Since the 19th century, the prevailing scholarly consensus has been that the mounds were constructed by indigenous peoples of the Americas. Sixteenth-century Spanish explorers made contact with natives living in a number of later Mississippian cities, described their cultures, and left artifacts. By the time of United States westward expansion two hundred years later, Native Americans were generally not knowledgeable about the civilizations that produced the mounds. Research and study of these cultures and peoples has been based mostly on archaeology and anthropology.
Name and culture
At one time, the term “mound builder” was applied to the people believed to have constructed these earthworks. In the 16th through 19th centuries, Europeans and Americans generally thought that a people other than one related to the historic Native Americans had built the mounds.
The namesake cultural trait of the Mound Builders was the building of mounds and other earthworks. These burial and ceremonial structures were typically flat-topped pyramids or platform mounds, flat-topped or rounded cones, elongated ridges, and sometimes a variety of other forms.
They were generally built as part of complex villages that arose from more dense populations, with a specialization of skills and knowledge. The early earthworks built in Louisiana c. 3500 BCE are the only ones known to be built by a hunter-gatherer culture.
The best-known flat-topped pyramidal structure, which at over 100 feet (30 m) tall is the largest pre-Columbian earthwork north of Mexico, is Monks Mound at Cahokia Indian Mounds in present-day Collinsville, Illinois. At its peak about 1150 CE, Cahokia was an urban settlement with 20,000-30,000 people; this population was not exceeded by North American European settlements until after 1800.
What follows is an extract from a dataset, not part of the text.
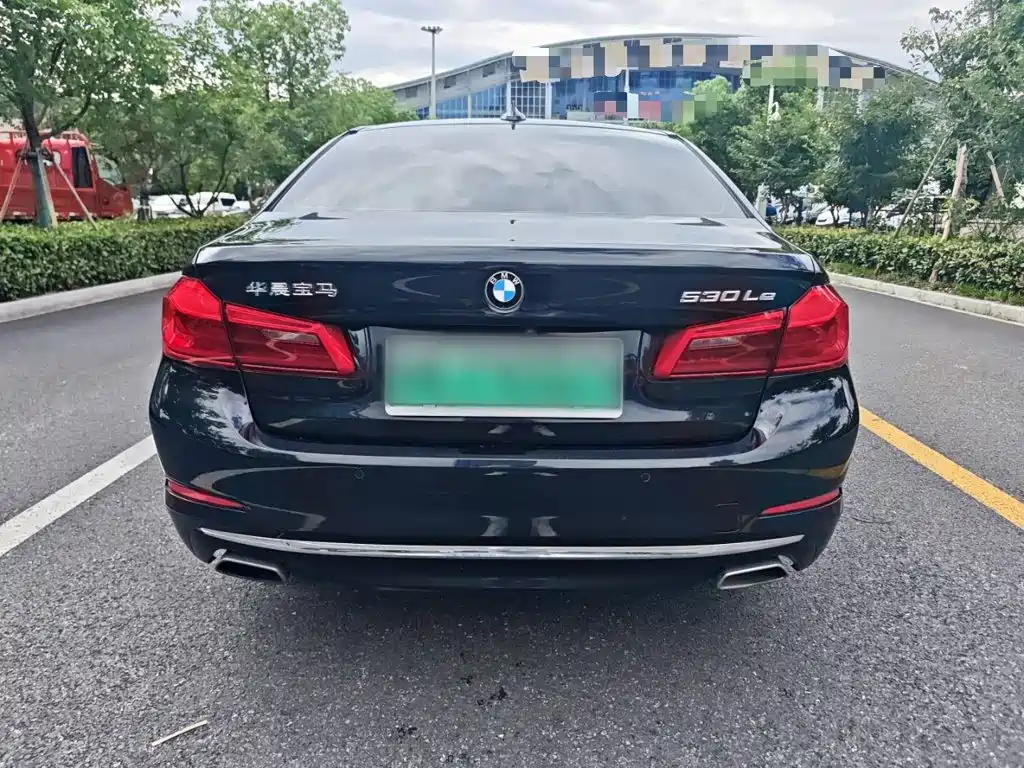 BMW 5 Series New Energy 2019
Some effigy mounds were constructed in the shapes or outlines of culturally significant animals. The most famous effigy mound, Serpent Mound in southern Ohio, ranges from 1 to just over 3 feet tall (30–100 cm)., 20 feet (6 m) wide, over 1,330 feet (405 m) long, and shaped as an undulating serpent.
Many different tribal groups and chiefdoms, involving an array of beliefs and unique cultures over thousands of years, built mounds as expressions of their cultures. The general term, “mound builder,” covered their shared architectural practice of earthwork mound construction. This practice, believed to be associated with a cosmology that had a cross-cultural appeal, may indicate common cultural antecedents.
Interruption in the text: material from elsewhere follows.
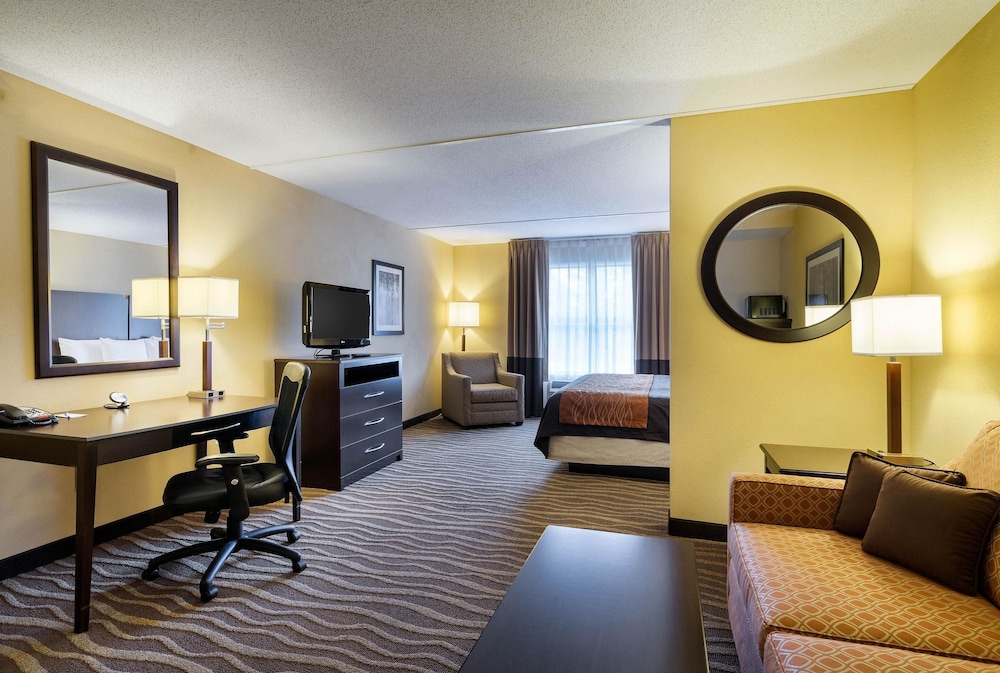 Standard Room, 1 King Bed with Sofa bed photo 3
The first mound building was an early marker of political and social complexity among the cultures in the Eastern United States. Watson Brake in Louisiana, constructed about 3500 BCE during the Middle Archaic period, is the oldest dated mound complex in North America. It is one of eleven mound complexes from this period found in the Lower Mississippi Valley.
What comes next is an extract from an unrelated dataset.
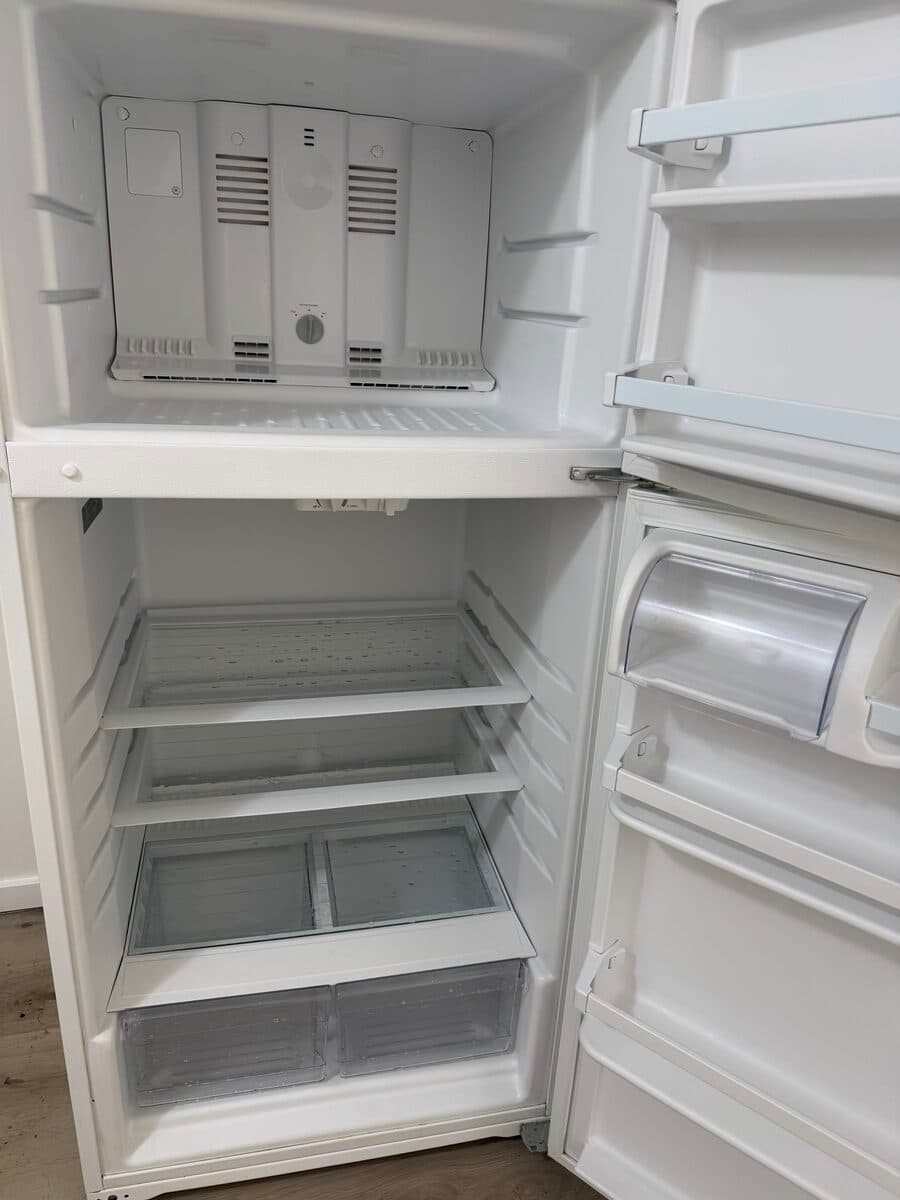 Fridge Deep Clean - After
We can conclude that these mound builders were very organized people. Hundreds or even thousands of workers had to dig up tons of earth with the hand tools available. Then the dirt had to be moved very long distances, and finally workers had to create the shape the builder had planned.
The most complete reference for these earthworks is Ancient Monuments of the Mississippi Valley, written by Ephraim G. Squier and Edwin H. Davis. It was published in 1848 by the Smithsonian. Since many of the features which the authors documented have since been destroyed or diminished by farming and development, their surveys, sketches, and descriptions are still used by modern archaeologists. All of the sites which they identified as located in Kentucky came from the manuscripts of C. S. Rafinesque.
A smaller regional study in 1931 by author and archaeologist Fred Dustin charted and examined the mounds and Ogemaw Earthworks near Saginaw, Michigan. Archaeological survey and recording of mounds is an ongoing scholarly task.